Liberal Sen. Pierrette Ringuette has proposed an amendment to Bill C-377 that would see union salary disclosure requirements raised to $444,000 from the current $100,000 in Conservative Russ Hiebert's private members bill.

"I signed these amendments because I know the government will approve of these amendments," she told the Senate late Monday.

Hiebert introduced his union bill in 2011, arguing that public disclosure of union expenses and salaries ought to be mandatory because union fees are tax-deductible.

The bill seeks to amend the Income Tax Act to require unions to give detailed financial filings to the Canada Revenue Agency, which would then make the information public in the same way it does for charitable organizations.

But there has been surprisingly wide opposition to the bill from all corners. Though it passed the House of Commons in December, several Tories voted against it, including Rathgeber.

Rathgeber argued that while union members have a right to know how their dues are being spent, he wasn't convinced that information needed to be public.

Unions say members can already access the information and the new legislation would cost millions to implement; the Canadian Labour Congress set a price tag of between $32 million and $45 million a year just to operate.

Ringuette outlined all the criticism the Senate has heard, from the privacy commissioner who warned against the bill's privacy violations to provincial government officials who said it intrudes on their jurisdiction.

"The truth is that the courts will overturn this bill, so why continue pushing it? The courts will overrule it; they will not accept this bill; so why should the Senate of Canada, the chamber of sober second thought -- or are we? -- in view of all the evidence that we have had before us?" she said.

"It is maybe for the sake of petty politics, which are beyond this institution and should always be."

Conservatives in the Senate have raised questions as well.
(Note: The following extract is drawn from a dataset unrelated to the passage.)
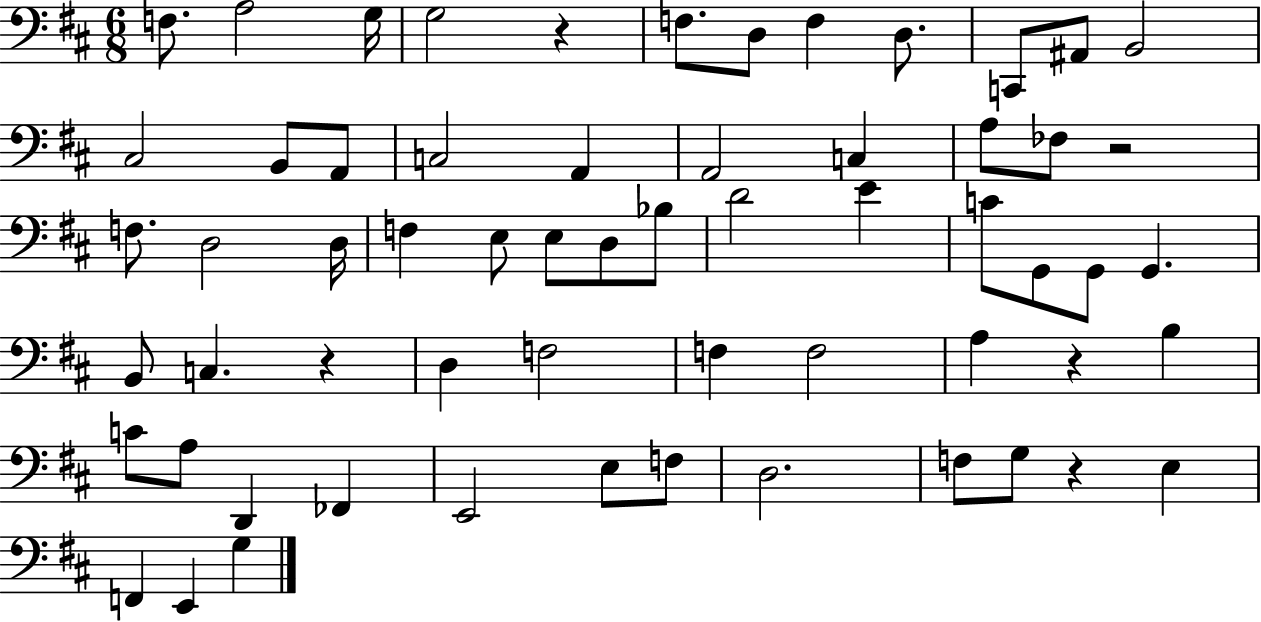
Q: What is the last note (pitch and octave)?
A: G3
The Senate committee charged with studying the bill -- a committee chaired by Irving Gerstein, who also chairs the Conservative Fund Canada -- formally questioned its constitutionality, said it is concerned about implementation costs, and said the legislation is so vague that it's not clear to whom it applies.

And Tory Sen. Hugh Segal has spoken out, calling the bill bad public policy and questioning the wisdom of dispatching revenue agents to monitor its implementation.

Segal introduced an amendment of his own Monday, seeking to further narrow the bill by, among other things, excluding from it labour groups with fewer than 50,000 members.

In introducing his proposed change, Segal suggested the bill went against Canadian conservatism.

"Conservatism in the Canadian Tory context is not about the protection of class or the oppression of labour by capital or capital by labour; it is about a freedom tied to mutual respect, whatever legitimate disagreements, between all the participants in the mixed free-market system," Segal said in the Senate on Monday night.

"This bill before us, whatever may have been its laudable transparency goals, is really -- through drafting sins of omission and commission -- an expression of statutory contempt for the working men and women in our trade unions and for the trade unions themselves and their right under federal and provincial law to organize."